- **TASK BRIEF**:
For the listing underneath, give the count of lines containing the string "view" and nothing further.

- **SOURCE MATERIAL**:
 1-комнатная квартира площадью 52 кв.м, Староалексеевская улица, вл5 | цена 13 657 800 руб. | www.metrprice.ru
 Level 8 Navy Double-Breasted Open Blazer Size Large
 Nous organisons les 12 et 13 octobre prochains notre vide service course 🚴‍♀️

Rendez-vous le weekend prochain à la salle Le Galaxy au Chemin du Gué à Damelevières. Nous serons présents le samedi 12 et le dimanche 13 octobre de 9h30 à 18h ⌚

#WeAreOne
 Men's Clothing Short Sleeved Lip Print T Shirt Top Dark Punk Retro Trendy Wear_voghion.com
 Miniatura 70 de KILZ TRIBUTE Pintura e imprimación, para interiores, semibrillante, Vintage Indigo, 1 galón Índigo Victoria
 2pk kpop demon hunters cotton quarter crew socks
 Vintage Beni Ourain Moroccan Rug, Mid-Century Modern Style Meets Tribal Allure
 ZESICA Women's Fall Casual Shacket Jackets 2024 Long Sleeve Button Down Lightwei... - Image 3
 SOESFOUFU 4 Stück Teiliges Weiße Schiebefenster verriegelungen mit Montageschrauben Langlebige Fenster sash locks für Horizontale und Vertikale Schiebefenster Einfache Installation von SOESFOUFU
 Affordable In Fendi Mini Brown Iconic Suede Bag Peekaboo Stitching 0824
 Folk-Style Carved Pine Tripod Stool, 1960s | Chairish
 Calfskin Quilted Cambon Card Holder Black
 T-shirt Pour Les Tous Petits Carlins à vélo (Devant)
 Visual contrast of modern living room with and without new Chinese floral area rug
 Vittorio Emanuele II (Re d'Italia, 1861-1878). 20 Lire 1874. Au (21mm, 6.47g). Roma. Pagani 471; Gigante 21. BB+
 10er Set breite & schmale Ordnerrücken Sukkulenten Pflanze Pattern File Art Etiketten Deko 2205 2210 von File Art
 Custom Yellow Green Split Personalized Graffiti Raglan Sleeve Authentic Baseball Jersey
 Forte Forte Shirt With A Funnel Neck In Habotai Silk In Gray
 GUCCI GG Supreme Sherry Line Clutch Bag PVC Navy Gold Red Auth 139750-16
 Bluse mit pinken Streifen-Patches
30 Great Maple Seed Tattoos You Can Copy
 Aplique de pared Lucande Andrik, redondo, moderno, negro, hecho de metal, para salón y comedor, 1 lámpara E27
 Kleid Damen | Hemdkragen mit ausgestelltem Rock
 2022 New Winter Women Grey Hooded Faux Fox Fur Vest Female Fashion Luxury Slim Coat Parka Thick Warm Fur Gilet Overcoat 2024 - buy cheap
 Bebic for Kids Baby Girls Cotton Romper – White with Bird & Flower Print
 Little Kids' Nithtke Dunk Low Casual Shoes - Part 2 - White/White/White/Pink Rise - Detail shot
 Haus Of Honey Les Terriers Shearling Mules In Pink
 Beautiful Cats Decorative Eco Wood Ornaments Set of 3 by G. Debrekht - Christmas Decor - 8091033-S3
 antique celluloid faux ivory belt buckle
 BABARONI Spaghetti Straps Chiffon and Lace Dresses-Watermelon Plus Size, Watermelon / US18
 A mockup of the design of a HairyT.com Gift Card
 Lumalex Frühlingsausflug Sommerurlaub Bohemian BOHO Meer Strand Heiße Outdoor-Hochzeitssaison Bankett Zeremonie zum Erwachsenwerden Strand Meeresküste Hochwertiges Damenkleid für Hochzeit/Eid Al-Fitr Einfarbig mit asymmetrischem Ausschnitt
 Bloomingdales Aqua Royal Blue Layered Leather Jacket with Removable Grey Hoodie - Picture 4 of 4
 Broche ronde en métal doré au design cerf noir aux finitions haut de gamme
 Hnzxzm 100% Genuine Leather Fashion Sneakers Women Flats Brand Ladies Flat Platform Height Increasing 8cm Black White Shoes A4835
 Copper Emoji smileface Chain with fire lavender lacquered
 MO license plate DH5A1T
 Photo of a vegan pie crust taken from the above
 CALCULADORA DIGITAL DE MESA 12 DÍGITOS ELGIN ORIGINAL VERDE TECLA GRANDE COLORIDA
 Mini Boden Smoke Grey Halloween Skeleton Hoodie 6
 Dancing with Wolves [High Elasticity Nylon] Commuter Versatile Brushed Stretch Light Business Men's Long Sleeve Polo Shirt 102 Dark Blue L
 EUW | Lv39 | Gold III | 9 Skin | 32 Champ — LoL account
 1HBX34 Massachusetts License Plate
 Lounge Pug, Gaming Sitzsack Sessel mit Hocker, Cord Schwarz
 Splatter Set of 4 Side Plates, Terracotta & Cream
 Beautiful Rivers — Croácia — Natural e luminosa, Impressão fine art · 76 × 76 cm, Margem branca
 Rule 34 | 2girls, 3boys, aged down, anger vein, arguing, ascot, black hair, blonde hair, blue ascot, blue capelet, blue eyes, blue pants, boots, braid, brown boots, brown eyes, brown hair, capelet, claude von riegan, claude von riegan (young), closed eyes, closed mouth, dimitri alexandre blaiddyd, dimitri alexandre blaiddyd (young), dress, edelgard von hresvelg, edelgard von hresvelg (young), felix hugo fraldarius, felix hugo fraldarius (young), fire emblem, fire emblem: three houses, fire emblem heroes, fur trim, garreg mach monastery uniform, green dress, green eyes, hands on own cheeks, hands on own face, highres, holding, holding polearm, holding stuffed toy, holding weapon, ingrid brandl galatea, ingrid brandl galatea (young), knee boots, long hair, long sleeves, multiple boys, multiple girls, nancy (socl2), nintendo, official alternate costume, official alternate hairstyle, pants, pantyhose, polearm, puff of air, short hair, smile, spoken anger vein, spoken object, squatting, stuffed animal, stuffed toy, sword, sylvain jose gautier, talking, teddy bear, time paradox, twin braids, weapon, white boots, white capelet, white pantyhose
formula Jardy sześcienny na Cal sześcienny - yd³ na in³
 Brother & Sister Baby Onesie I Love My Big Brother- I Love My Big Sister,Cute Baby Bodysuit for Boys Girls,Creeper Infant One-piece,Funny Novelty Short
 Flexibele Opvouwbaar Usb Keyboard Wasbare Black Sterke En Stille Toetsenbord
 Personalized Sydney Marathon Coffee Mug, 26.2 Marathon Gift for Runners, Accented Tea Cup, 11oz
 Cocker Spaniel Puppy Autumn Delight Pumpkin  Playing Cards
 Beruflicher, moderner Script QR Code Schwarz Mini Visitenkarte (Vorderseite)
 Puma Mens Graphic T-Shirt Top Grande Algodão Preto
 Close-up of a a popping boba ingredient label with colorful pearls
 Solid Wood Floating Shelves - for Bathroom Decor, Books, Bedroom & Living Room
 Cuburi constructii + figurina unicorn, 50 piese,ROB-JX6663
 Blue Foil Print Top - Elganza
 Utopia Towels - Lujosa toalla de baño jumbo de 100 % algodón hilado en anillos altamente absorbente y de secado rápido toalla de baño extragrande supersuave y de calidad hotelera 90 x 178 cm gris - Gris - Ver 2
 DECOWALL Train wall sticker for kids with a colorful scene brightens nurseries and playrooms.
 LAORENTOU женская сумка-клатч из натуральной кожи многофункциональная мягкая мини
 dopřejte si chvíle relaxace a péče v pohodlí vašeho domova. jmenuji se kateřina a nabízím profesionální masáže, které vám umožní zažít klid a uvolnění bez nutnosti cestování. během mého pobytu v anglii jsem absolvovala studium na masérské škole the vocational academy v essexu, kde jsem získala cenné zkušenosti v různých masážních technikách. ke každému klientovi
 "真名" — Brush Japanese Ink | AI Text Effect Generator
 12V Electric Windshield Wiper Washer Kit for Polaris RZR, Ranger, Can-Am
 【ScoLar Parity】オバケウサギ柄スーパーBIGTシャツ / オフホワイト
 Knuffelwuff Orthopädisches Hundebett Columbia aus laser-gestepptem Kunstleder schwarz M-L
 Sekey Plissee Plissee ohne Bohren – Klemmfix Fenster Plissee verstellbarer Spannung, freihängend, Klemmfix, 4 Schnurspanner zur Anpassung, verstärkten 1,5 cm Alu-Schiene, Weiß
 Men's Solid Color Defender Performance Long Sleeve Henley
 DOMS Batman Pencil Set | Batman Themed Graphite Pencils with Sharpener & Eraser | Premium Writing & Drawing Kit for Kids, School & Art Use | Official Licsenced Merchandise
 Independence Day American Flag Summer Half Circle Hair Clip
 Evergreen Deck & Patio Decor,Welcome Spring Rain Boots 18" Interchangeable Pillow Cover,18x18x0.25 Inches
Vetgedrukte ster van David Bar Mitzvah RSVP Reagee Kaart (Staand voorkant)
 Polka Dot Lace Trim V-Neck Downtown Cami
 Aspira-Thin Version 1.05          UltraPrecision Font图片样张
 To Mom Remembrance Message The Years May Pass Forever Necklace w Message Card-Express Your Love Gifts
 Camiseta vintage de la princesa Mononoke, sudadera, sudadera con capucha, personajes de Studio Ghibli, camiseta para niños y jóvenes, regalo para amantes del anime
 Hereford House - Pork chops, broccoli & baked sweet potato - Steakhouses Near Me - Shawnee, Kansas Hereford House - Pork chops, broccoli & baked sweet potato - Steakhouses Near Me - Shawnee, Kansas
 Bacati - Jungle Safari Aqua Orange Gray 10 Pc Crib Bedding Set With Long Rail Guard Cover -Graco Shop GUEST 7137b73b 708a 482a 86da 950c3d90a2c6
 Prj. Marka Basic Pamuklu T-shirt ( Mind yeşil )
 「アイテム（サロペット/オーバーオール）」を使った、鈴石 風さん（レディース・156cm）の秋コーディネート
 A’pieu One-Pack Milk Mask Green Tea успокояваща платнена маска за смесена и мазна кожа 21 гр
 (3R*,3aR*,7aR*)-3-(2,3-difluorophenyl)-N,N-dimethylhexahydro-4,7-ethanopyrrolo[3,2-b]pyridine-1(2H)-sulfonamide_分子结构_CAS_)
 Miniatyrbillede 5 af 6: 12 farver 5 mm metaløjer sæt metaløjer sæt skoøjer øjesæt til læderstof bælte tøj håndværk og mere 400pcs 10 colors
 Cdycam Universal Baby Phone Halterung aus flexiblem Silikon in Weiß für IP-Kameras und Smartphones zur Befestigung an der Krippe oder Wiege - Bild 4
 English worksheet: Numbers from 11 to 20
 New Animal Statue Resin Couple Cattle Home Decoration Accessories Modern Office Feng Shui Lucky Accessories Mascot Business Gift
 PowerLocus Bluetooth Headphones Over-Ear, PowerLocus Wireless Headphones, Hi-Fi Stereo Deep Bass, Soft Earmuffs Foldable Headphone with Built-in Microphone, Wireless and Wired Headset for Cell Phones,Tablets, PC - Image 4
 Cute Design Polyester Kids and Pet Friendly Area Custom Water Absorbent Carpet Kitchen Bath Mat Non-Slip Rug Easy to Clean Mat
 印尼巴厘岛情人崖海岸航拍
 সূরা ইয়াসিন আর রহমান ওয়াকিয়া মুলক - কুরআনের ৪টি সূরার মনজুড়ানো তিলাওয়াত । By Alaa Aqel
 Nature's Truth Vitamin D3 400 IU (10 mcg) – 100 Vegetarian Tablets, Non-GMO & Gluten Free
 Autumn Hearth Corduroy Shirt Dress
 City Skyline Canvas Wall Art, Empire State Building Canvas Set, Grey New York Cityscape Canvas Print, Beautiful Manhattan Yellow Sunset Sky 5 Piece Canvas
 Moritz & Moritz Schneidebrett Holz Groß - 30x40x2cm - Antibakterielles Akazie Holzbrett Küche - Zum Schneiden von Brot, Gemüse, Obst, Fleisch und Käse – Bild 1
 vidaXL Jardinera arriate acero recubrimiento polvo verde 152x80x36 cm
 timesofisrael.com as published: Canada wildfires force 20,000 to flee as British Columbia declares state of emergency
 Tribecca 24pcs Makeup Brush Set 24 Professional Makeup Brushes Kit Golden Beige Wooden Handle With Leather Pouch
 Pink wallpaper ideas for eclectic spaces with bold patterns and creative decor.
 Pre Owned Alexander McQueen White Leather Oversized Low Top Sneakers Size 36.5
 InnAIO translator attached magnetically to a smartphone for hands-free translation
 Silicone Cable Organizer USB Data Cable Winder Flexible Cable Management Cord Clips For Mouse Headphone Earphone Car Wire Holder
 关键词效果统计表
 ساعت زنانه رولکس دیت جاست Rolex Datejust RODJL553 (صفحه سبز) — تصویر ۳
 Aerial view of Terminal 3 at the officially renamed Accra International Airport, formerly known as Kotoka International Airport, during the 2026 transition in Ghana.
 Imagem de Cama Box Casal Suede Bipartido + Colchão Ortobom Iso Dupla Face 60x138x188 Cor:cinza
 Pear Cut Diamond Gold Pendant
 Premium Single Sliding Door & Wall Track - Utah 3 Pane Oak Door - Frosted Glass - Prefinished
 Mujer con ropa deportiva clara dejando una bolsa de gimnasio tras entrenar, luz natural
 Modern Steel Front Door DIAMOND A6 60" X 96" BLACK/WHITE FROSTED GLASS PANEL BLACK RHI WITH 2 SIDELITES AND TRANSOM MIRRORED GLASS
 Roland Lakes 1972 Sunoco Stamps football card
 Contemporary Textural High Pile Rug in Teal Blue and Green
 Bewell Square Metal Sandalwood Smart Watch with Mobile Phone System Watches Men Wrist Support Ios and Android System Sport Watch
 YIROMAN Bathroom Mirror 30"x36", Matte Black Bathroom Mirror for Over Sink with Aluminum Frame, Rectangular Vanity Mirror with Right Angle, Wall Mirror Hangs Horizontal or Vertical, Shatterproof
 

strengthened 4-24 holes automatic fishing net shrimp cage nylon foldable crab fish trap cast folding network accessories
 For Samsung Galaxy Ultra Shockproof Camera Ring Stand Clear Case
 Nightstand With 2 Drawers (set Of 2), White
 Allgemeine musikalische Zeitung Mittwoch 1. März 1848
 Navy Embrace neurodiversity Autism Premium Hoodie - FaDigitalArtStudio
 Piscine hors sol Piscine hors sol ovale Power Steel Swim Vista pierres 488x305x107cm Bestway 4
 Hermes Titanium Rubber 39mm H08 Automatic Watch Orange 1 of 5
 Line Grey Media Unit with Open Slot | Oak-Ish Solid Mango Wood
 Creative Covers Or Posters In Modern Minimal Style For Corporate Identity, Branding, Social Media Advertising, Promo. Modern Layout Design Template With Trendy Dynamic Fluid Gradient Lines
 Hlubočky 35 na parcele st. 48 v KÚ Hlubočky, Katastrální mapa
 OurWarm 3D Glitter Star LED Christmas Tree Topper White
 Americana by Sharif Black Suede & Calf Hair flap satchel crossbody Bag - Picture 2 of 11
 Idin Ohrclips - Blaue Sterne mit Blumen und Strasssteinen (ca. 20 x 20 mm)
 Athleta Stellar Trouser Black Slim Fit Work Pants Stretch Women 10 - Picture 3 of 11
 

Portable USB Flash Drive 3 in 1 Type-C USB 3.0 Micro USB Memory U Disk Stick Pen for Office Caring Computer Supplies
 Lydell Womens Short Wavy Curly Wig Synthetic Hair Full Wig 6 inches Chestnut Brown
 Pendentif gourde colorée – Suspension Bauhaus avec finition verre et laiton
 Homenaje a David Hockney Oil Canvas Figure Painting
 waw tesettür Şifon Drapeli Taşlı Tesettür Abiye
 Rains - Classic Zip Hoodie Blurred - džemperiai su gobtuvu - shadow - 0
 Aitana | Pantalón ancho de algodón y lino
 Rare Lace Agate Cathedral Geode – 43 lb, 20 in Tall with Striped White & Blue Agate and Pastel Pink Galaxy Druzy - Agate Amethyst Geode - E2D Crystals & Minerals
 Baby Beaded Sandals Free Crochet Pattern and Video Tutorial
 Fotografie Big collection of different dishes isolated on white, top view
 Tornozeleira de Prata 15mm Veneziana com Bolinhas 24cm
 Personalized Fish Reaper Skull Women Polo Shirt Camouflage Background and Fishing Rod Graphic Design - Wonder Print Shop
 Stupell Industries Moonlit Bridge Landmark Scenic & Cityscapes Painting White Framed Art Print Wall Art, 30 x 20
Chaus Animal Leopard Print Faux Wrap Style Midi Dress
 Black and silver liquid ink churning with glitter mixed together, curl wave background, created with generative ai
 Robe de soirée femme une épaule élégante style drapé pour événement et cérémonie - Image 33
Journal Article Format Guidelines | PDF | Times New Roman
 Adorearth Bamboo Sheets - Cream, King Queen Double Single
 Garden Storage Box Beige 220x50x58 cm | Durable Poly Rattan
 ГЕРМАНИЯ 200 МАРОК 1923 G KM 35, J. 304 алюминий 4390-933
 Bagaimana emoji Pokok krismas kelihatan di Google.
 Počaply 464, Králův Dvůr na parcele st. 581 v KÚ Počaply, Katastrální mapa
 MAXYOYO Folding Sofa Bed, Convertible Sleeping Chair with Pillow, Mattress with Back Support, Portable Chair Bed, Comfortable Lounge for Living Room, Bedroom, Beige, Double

- **ANSWER BOX**:
2